No. 39 – Joe Nichols, “Good Day For Living” (written by Bobby Hamrick, Dave Cohen, and Neil Mason)
You know, despite me being lukewarm on that last Joe Nichols album, this really makes me happy to see – his first top 40 hit in seven years. And I’m glad it’s with this single, because while it is pretty pleasant radio filler on paper and the production is just a tad more polished than I’d otherwise prefer (even if a generally breezy tone does shine through), it’s really likable all the way through.

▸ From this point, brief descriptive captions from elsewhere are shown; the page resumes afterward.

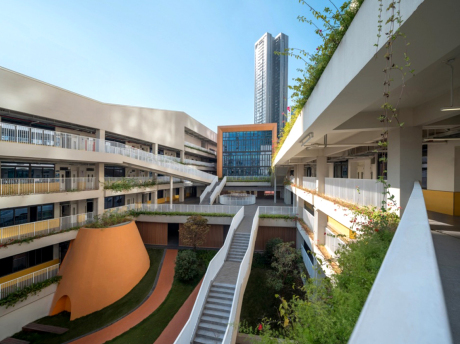 深圳龙华清泉外国语学校SU模型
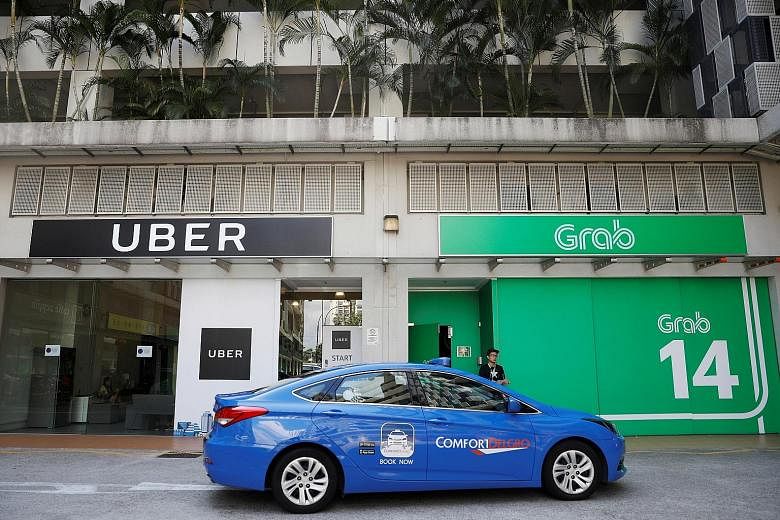 One possible modification from the Competition Commission of Singapore to Uber's proposed sale to Grab, the writers say, would be to require Uber to divest some of its assets to another firm other than Grab. This would maintain significant competitiv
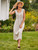 Coastal Stripe Dress - Navy
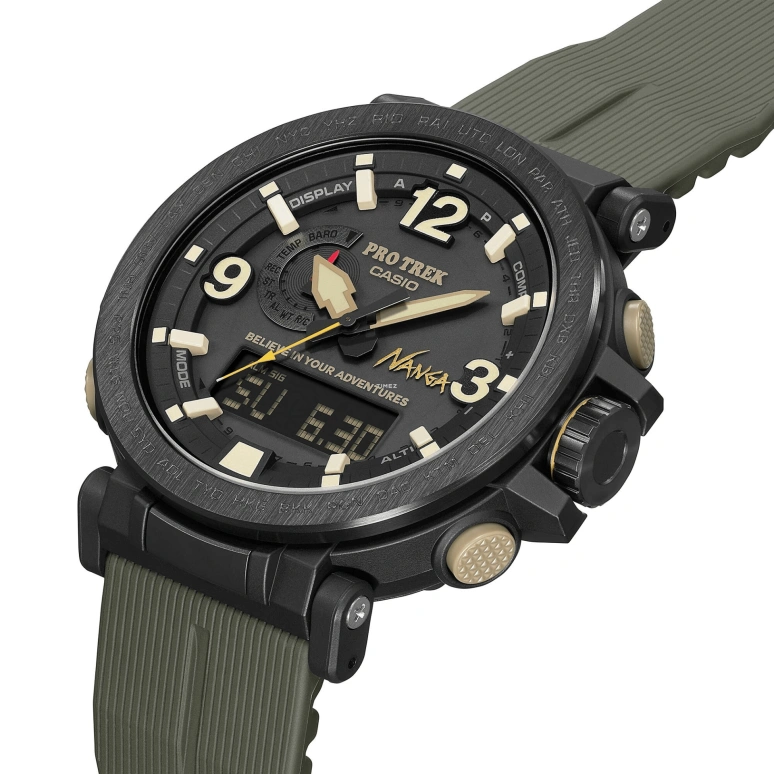 Casio,PROTREK 51.60x51.50mm,51.60x51.50mm,Stainless Steel,Black,Quartz,Countdown,Chronograph,Month,Date,Hardlex,Round,PRW6630NA,PRW6630NA-1A3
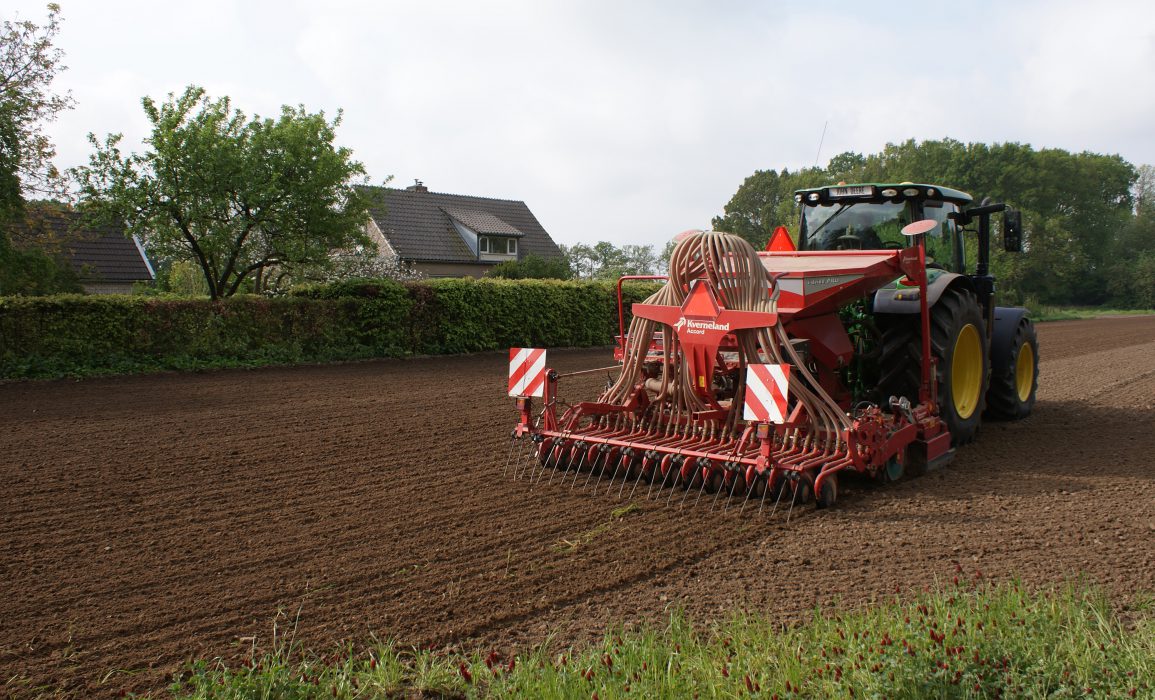 Sowing the field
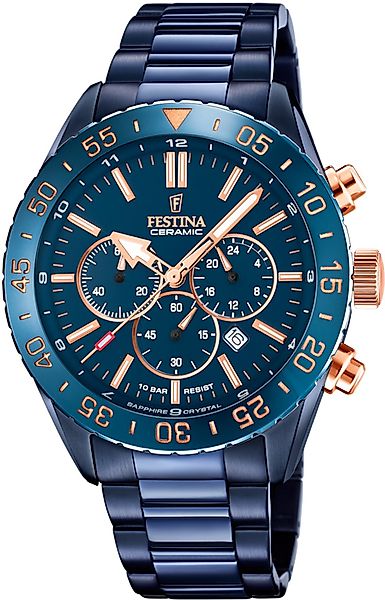 Festina Chronograph Keramik Kollektion F20576/1, Armbanduhr, günstig online kaufen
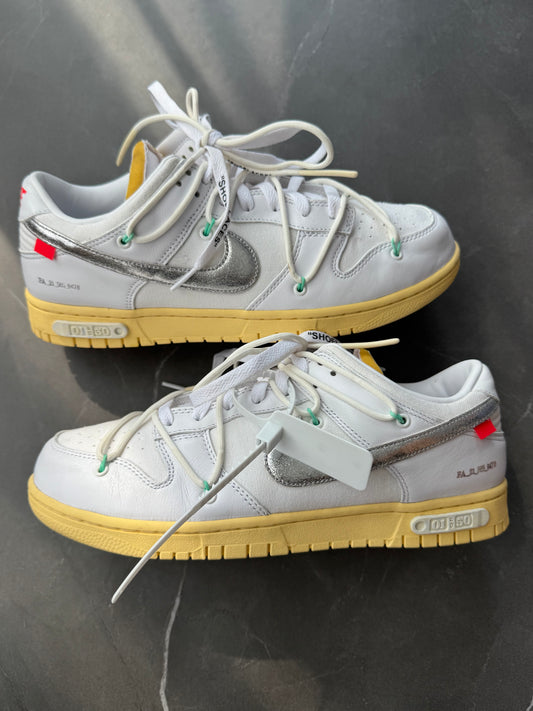 Dunk Low Off-White Lot1 US10.5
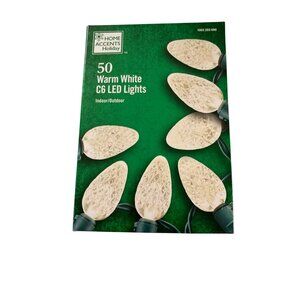 Home Accents Holiday 50 Warm C6 LED Lights Indoor Outdoor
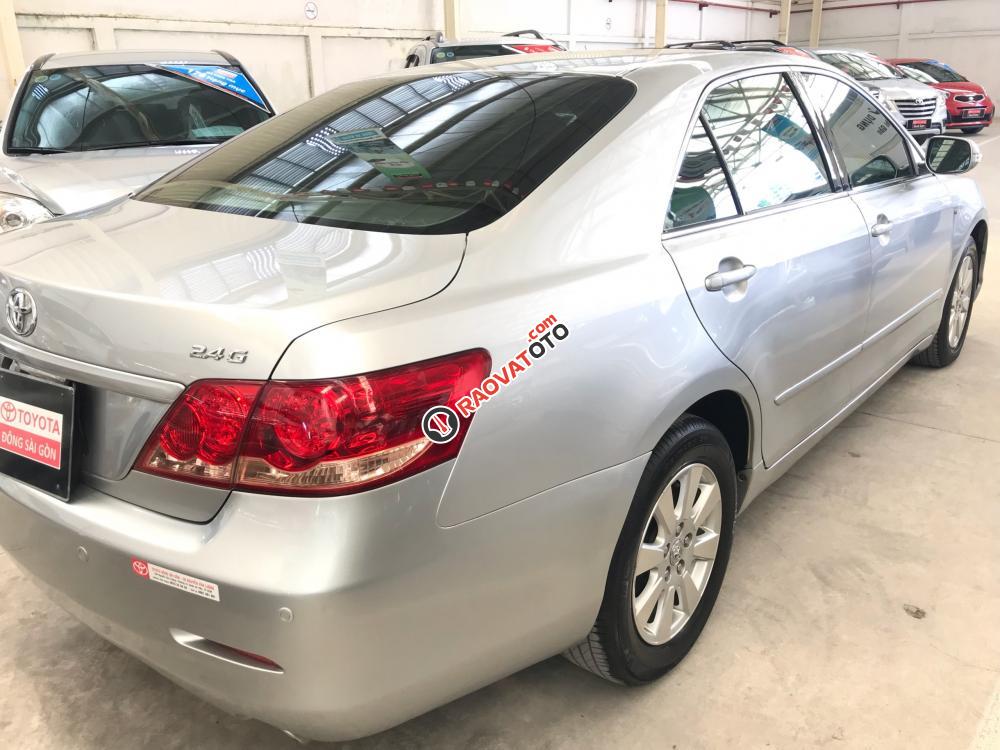 Cần bán Toyota Camry 2.4G năm 2007, màu bạc, hỗ trợ giá tốt nhất-1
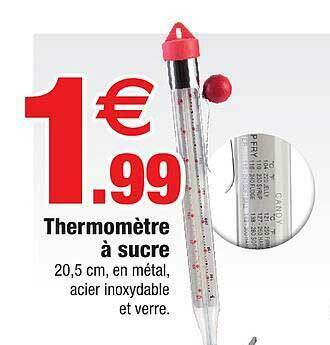 Bazarland Thermomètre à Sucre offre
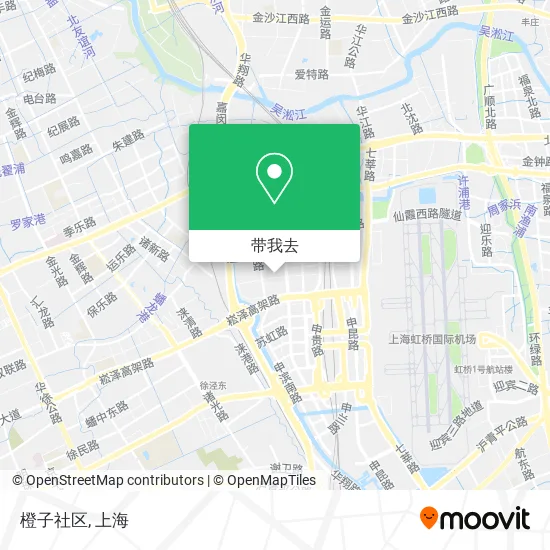 橙子社区地图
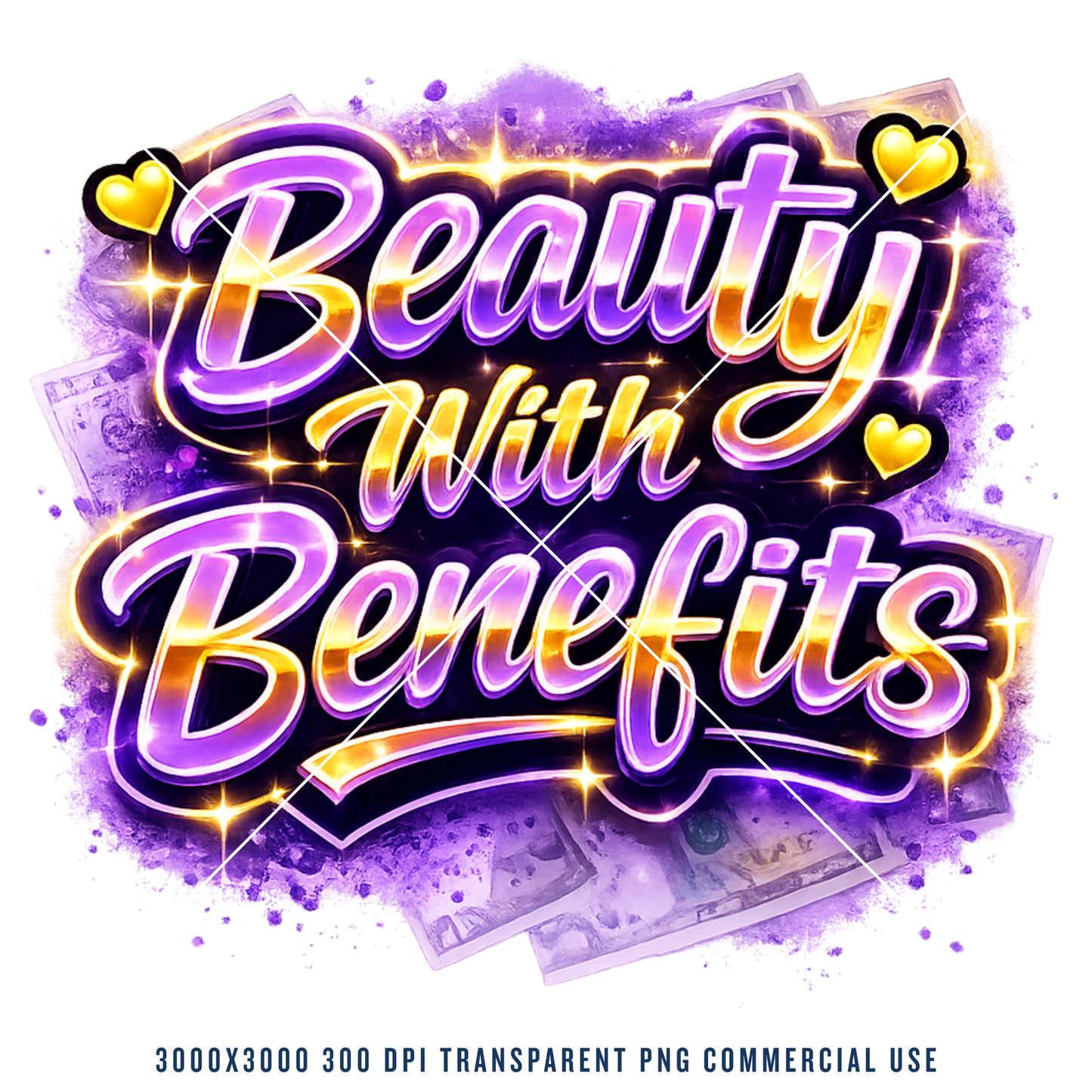 Beauty With Benefits – Luxury Affirmation Statement T-Shirt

It helps that Nichols has always had a natural rollick to his delivery and is a terrific performer to boot, with a ton of charisma to his credit that helps to sell this song’s cheery sentiment. It also helps that he comes across as the more mature, good-natured family man here who can sell some of the song’s cornier details of enjoying life with an easy charm. A world-beater? No. But I do hope it turns into a comeback hit for him.
And now, this week’s throwback review:
(No official audio, not that we need it)
Garth Brooks, “Friends in Low Places” (written by Dewayne Blackwell and Earl Bud Lee)
… I mean, come on, it’s “Friends in Low Places.” Mark Chesnutt may have also recorded it, but it’s Garth Brooks’ wide-eyed, shit-eating grin and charisma that turned it into an anthem, the hit that defined its decade, and the song that anyone will inevitably sing along to whenever it comes on – country fan or not, even more than 30 years after its release. I think that’s the key to it, because while it is, on paper, a familiar tale of the out-of-place country dweller in a more urban setting – a theme that can be particularly grating at its worst, which is typically when it’s framed as a defensive “us versus them” narrative – it’s Brooks that turns this into an anthem for everyone. He’s down but not out, and he’s going to have a blast ruining an ex-partner’s black tie affair in a very tongue-in-cheek manner, where he’s in on the joke and isn’t really causing any harm … hell, with a huge hook like that, I’m sure the party guests are the ones coming together to sing this with him by the end. So yeah, it’s definitely an iconic hit where the appeal is obvious, but it’s also worth noting the deeper appeal. Boom.